[Your task]
Your answer should be only the lines below from the one with "Motorola XT 2347-1/-2" to the one with "象棋棋譜圖片：玩棋度日(9段)-和-我們算什么(6段) - 步數(shù)：130", repeated exactly, ends included.

[The data]

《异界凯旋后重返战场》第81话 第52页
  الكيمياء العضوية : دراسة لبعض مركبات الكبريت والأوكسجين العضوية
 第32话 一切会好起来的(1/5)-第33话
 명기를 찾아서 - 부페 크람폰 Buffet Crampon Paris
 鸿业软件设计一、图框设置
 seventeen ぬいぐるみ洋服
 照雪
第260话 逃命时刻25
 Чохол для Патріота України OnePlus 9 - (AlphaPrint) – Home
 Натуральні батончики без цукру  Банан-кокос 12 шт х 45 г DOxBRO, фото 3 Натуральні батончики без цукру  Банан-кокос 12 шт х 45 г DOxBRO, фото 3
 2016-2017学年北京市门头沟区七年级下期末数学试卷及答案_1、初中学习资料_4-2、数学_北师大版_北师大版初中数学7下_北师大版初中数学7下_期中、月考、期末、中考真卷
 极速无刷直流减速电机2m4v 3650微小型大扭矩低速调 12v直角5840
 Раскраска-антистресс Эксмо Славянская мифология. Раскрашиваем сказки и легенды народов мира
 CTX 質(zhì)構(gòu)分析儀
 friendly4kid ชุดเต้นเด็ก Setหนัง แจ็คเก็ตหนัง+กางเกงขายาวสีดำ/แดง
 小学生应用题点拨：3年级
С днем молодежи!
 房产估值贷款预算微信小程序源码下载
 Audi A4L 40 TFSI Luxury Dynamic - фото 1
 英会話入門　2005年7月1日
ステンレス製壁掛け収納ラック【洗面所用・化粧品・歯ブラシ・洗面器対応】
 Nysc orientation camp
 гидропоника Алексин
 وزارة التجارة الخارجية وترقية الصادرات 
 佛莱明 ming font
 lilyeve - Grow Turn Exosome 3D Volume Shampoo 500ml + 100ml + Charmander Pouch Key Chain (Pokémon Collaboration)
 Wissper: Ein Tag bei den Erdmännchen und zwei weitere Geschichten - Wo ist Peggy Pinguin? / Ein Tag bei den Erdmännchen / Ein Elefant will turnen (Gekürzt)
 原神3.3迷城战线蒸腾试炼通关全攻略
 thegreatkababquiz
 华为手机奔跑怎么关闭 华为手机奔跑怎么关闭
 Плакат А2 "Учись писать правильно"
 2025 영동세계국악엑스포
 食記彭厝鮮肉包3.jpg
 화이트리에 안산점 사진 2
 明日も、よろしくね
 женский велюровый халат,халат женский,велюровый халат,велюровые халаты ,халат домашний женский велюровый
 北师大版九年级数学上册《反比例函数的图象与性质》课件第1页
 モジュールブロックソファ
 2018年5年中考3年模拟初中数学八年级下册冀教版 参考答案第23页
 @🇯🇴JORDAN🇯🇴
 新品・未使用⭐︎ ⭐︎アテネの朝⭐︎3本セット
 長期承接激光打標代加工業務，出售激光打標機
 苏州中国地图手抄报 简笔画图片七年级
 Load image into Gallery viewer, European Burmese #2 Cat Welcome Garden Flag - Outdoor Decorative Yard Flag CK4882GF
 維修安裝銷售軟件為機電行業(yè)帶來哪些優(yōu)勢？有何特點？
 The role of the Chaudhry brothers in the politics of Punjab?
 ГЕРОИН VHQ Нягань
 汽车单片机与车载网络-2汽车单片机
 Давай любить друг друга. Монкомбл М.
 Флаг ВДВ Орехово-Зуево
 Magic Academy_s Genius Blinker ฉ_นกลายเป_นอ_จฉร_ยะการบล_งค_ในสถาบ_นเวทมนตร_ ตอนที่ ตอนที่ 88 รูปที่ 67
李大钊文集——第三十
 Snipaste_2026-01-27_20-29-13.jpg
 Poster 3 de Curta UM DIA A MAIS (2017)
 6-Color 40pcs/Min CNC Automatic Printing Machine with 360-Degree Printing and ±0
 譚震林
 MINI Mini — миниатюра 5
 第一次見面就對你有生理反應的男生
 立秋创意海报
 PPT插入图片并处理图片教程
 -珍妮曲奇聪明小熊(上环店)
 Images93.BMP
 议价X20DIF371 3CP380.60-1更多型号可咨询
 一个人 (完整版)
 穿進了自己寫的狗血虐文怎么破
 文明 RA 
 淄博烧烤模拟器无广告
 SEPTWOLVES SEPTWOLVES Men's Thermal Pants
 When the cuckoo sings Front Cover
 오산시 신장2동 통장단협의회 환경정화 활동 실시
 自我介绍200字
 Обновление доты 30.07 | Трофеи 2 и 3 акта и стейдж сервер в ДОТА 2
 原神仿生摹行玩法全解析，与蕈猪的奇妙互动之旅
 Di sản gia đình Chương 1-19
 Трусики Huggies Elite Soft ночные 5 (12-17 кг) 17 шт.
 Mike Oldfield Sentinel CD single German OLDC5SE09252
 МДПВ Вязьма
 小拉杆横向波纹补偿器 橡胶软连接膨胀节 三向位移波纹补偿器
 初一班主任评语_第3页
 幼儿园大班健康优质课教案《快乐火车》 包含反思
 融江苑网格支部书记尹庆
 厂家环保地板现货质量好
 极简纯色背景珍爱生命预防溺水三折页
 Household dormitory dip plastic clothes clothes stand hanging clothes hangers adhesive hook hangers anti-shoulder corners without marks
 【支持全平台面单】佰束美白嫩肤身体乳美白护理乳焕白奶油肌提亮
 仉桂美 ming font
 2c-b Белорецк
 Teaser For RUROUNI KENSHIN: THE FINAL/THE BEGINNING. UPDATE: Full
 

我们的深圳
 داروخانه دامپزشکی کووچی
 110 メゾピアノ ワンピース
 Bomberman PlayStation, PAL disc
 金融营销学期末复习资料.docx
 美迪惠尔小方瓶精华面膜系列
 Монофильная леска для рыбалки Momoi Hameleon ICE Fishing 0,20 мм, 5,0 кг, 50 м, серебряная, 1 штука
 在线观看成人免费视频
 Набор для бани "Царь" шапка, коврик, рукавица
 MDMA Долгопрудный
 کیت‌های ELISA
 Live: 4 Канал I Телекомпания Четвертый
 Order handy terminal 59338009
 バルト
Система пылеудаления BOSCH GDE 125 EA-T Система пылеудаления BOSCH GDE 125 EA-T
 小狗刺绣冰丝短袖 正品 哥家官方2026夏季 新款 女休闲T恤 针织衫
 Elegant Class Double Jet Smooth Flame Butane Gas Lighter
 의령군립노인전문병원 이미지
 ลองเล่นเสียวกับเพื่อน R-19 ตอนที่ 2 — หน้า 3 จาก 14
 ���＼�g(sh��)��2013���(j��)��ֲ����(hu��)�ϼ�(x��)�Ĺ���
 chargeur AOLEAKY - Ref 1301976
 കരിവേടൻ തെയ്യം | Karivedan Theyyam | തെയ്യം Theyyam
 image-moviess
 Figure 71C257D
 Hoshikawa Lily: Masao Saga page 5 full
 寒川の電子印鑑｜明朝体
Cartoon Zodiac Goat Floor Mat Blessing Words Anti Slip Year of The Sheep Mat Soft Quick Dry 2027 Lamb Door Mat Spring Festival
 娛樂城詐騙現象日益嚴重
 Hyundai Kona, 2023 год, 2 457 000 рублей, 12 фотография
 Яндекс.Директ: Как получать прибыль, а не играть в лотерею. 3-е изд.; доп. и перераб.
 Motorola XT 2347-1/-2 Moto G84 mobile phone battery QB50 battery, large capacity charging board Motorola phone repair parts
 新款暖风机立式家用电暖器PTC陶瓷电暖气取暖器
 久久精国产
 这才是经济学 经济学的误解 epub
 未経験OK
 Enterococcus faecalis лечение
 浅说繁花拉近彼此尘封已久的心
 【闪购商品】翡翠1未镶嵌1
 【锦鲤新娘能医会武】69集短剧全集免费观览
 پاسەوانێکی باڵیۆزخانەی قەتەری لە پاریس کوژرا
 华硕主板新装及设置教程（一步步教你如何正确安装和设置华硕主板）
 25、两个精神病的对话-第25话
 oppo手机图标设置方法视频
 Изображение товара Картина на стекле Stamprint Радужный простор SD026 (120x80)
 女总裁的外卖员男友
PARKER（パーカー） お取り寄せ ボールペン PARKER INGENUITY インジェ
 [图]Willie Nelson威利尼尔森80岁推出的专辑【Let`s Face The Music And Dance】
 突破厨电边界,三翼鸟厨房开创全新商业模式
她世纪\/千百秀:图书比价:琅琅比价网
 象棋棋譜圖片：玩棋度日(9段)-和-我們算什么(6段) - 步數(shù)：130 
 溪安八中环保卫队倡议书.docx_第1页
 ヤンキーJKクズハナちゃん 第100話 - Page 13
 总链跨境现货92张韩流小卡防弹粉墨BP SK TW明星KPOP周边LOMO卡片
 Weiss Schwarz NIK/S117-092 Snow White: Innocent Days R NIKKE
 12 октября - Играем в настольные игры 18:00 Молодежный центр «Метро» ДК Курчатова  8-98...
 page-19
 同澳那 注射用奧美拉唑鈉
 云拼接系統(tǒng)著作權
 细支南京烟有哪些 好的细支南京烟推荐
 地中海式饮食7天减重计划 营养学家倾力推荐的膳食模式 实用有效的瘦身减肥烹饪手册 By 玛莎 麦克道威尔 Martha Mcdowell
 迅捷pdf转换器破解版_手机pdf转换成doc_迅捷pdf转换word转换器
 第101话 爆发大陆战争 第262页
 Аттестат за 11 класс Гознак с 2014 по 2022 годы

[Result for this task]
 Motorola XT 2347-1/-2 Moto G84 mobile phone battery QB50 battery, large capacity charging board Motorola phone repair parts
 新款暖风机立式家用电暖器PTC陶瓷电暖气取暖器
 久久精国产
 这才是经济学 经济学的误解 epub
 未経験OK
 Enterococcus faecalis лечение
 浅说繁花拉近彼此尘封已久的心
 【闪购商品】翡翠1未镶嵌1
 【锦鲤新娘能医会武】69集短剧全集免费观览
 پاسەوانێکی باڵیۆزخانەی قەتەری لە پاریس کوژرا
 华硕主板新装及设置教程（一步步教你如何正确安装和设置华硕主板）
 25、两个精神病的对话-第25话
 oppo手机图标设置方法视频
 Изображение товара Картина на стекле Stamprint Радужный простор SD026 (120x80)
 女总裁的外卖员男友
PARKER（パーカー） お取り寄せ ボールペン PARKER INGENUITY インジェ
 [图]Willie Nelson威利尼尔森80岁推出的专辑【Let`s Face The Music And Dance】
 突破厨电边界,三翼鸟厨房开创全新商业模式
她世纪\/千百秀:图书比价:琅琅比价网
 象棋棋譜圖片：玩棋度日(9段)-和-我們算什么(6段) - 步數(shù)：130 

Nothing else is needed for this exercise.